**GIVEN RECORDS:**

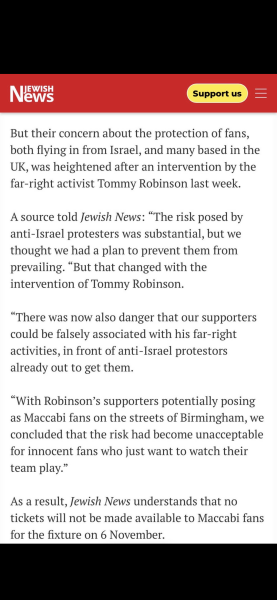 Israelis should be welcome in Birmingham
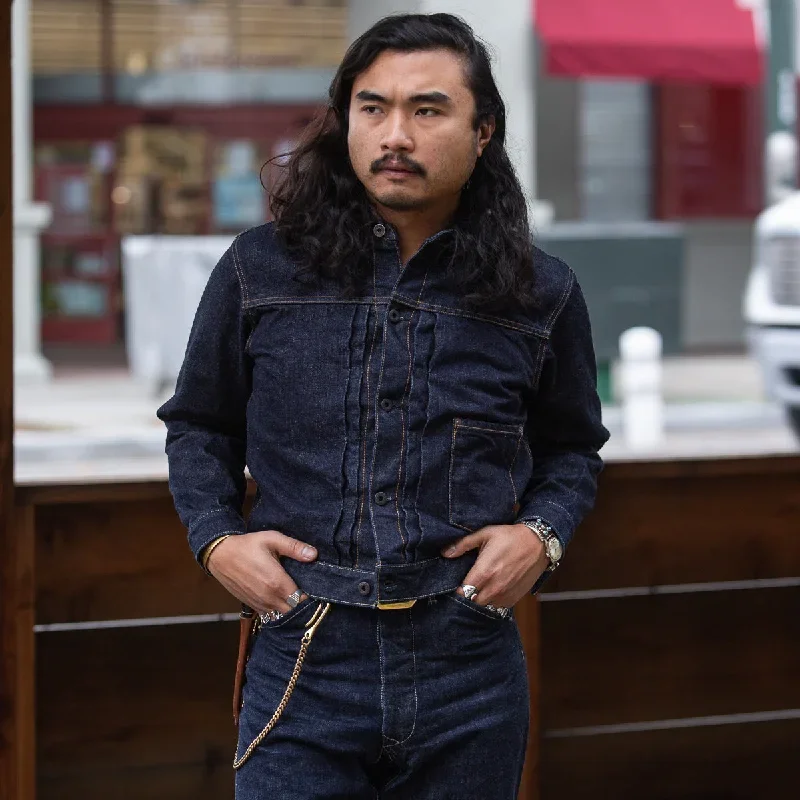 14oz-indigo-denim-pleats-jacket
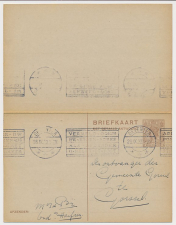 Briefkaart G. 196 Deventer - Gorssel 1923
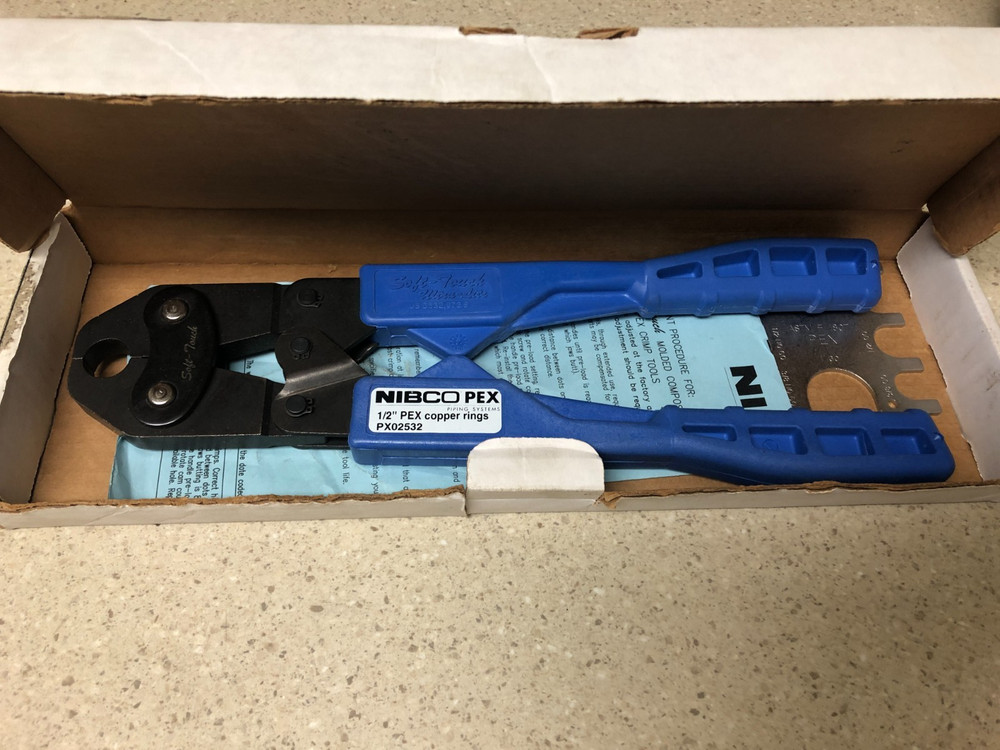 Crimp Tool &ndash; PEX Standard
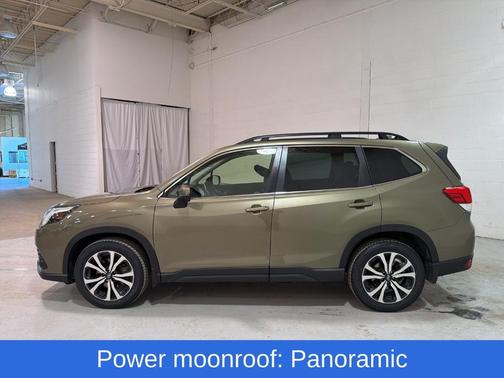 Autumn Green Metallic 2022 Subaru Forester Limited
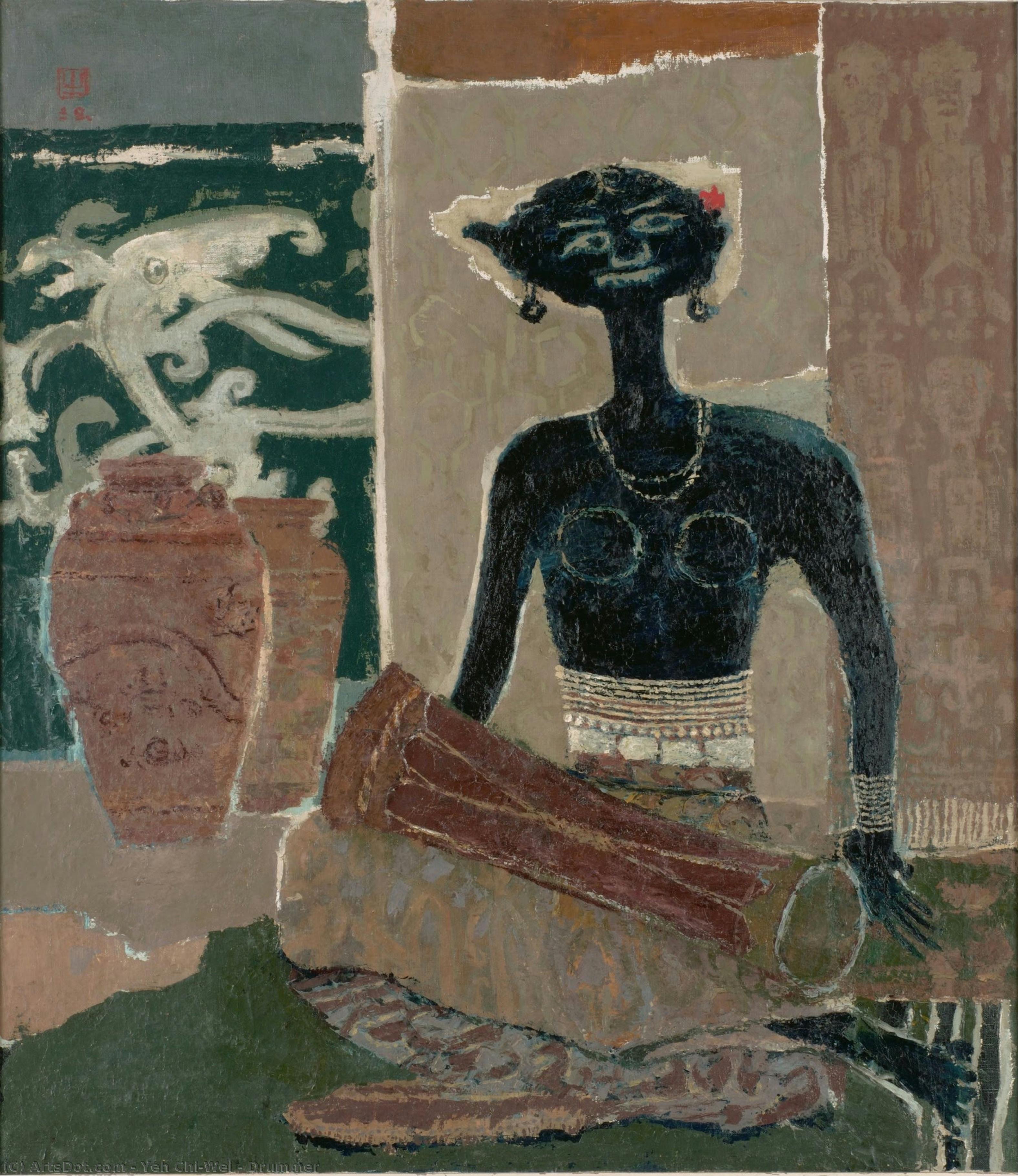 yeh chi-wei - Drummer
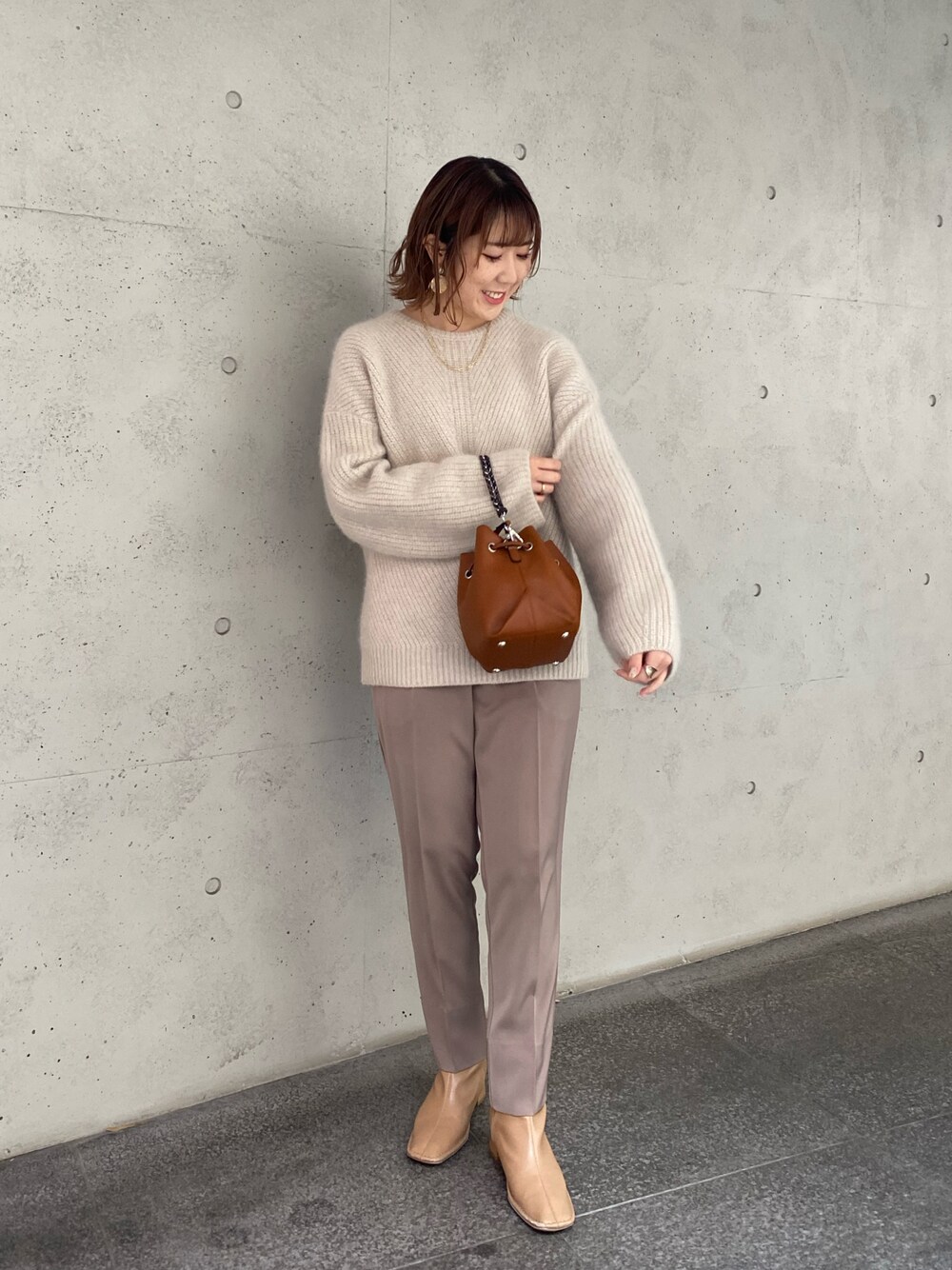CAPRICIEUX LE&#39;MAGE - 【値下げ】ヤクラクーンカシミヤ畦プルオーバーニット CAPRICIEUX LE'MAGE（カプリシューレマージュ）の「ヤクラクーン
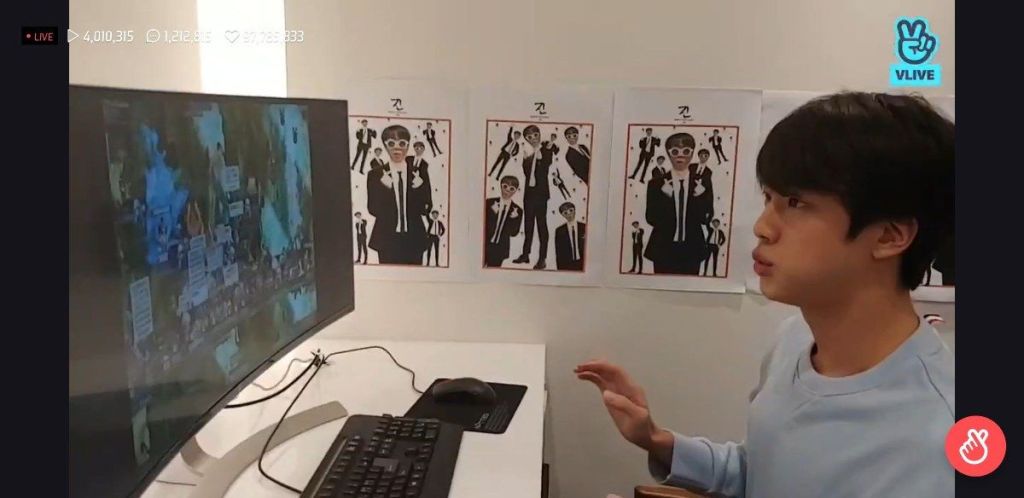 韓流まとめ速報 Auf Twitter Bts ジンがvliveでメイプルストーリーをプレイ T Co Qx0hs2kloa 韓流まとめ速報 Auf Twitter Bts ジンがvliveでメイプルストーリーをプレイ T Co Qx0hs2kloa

**TASK STATEMENT:** Set down only the lines running from the line with "Autumn Green Metallic" to the end of the entries, inclusive; omit every picture.

**TASK RESULT:**
 Autumn Green Metallic 2022 Subaru Forester Limited
 yeh chi-wei - Drummer
CAPRICIEUX LE&#39;MAGE - 【値下げ】ヤクラクーンカシミヤ畦プルオーバーニット CAPRICIEUX LE'MAGE（カプリシューレマージュ）の「ヤクラクーン
 韓流まとめ速報 Auf Twitter Bts ジンがvliveでメイプルストーリーをプレイ T Co Qx0hs2kloa 韓流まとめ速報 Auf Twitter Bts ジンがvliveでメイプルストーリーをプレイ T Co Qx0hs2kloa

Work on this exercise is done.